The Windward Coast of Oahu
The Windward Coast of Oahu – In Hawaii, the prevailing trade winds blow east/northeast to west/southwest bringing storms and cooler air with them to the windward, or east, side of the islands. On Oahu, the incoming storms and moisture stall on the corduroy-ridged, nearly perpendicular cliffs of the Ko’olau Mountain Range, and drop the majority of their rain on that eastern windward coast.
As you exit the tunnels on the other side of the Ko’olau Range driving from Honolulu, it feels as if you’re entering another world as the drier landscape and bustling metropolitan area give way to an incredible luscious green countryside. For me, it was the quntessential Hawaii landscape that I had always envisioned – tall spine-like mountains covered in jungle on one side and turqiouse blue shimmering water with white sand beaches on the other.
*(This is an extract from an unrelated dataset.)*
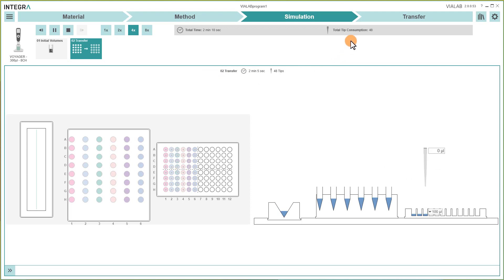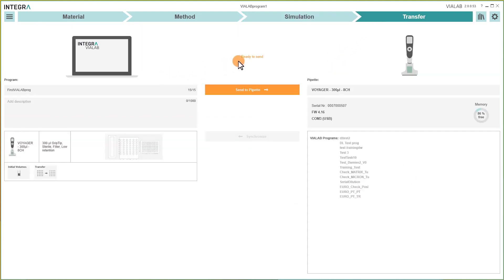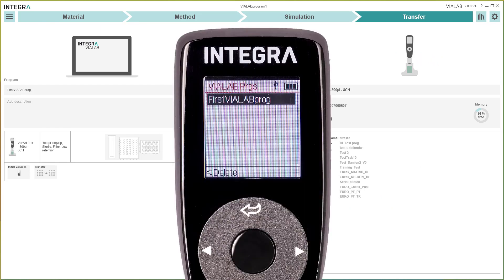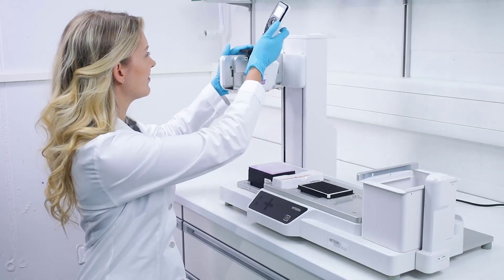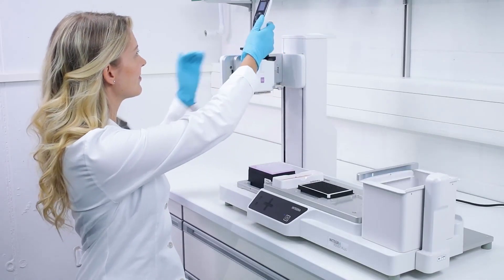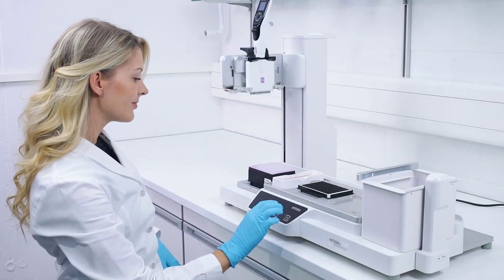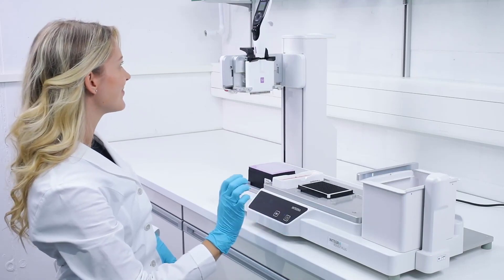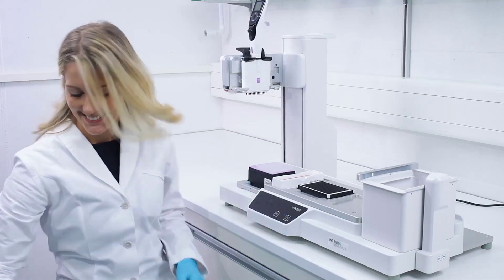Select the last section Transfer to transfer your program to the pipet. Connect your pipet to the PC via USB or Bluetooth and send the program directly to it. Clip the pipet in the Assist Plus and let your new assistant do the work.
We ended up taking two trips over to the windward coast from where we were staying in Ko’Olina. One trip was right down through Honolulu and Waikiki and around the southeast shore and back along the Pali Highway. The other trip was a sunrise expedition to Kualoa Point and then up and around the winding shore road the to the world-renouned North Shore.
Personally, I couldn’t get out of Waikiki fast enough (and we literally only drove through it… didn’t stop!) and Ko’Olina was absolutley beautiful, but still bustling.
The Windward Coast and North Shore of Oahu was what I had always imaged Hawaii to be…
Makapu’u Point Lookout
Nu’uana Pali Lookout
Mokolii Island (mo-ko-lee-ee)
Better known as Chinaman’s Hat due to its distinctive shape, which is reminiscent of the conical “coolie hats” commonly worn in days of old by immigrant plantation workers.